Day 253
Walton: The Bear
Soloists
English Chamber Orchestra
James Lockhart
My first encounter with Walton was playing Crown Imperial in youth orchestra and I got to know Facade when I was still at school. Since then I have heard most of the major works but The Bear was new to me. It is a chamber opera for 3 voices and a small orchestra and was first performed at the Aldburgh Festival in 1967.
The obvious comparison is with Britten, and there are certainly some moments in the score which could be mistaken for Britten but Walton's score is more eclectic, with a lot of hints at other music, from French Cabaret, to English Music Hall and , apt for an opera set in Russian, more than a hint of Stravinsky. There are also passages which could have come straight out of Bernstein's Candide. Walton clearly had a lot of fun writing it. It is perhaps surprising that he took so long before writing an opera. Facade pointed out his gift for musical humour early in his career and there are plenty of witty moments elsewhere in his output.

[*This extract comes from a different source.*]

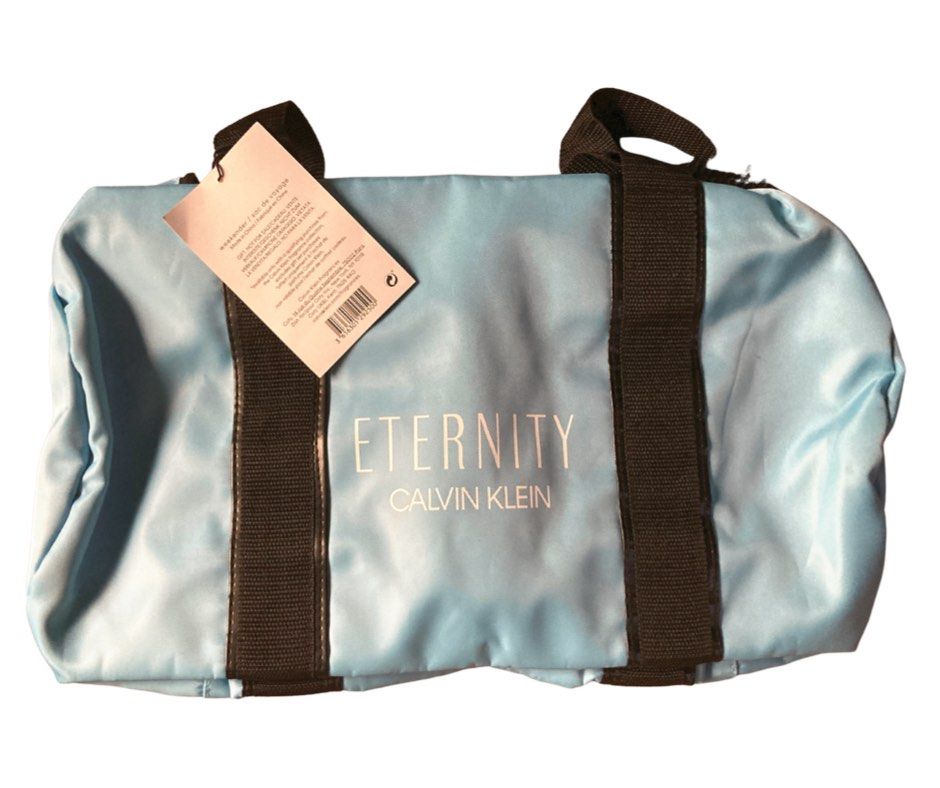 Eternity by Calvin Klein Blue Duffle Weekender Bag (Category: Sling Bags) located in Manila. Submitted by racowan (Listing ID 1195696647, Image 3). Description: Good for gifting Weekender Bag Duffle Bag Color is Sky Blue .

I certainly enjoyed listening to this. Perhaps the decision to have two low male voices and a mezzo soprano made some passages a bit heavier going that they might otherwise have been but the opera moves along at a good pace and, as ever with Walton, the orchestration is virtuosic and always inventive. The score indicated quite a few places where there could be cuts and perhaps Walton was concerned that the opera was perhaps just a little too long for a one-act piece. It was first performed in conjunction with Berkeley's Castaway but more recent revivals have coupled with with a variety of other pieces. It is perhaps too long as a curtain raiser but not long enough as a complete opera in its own right.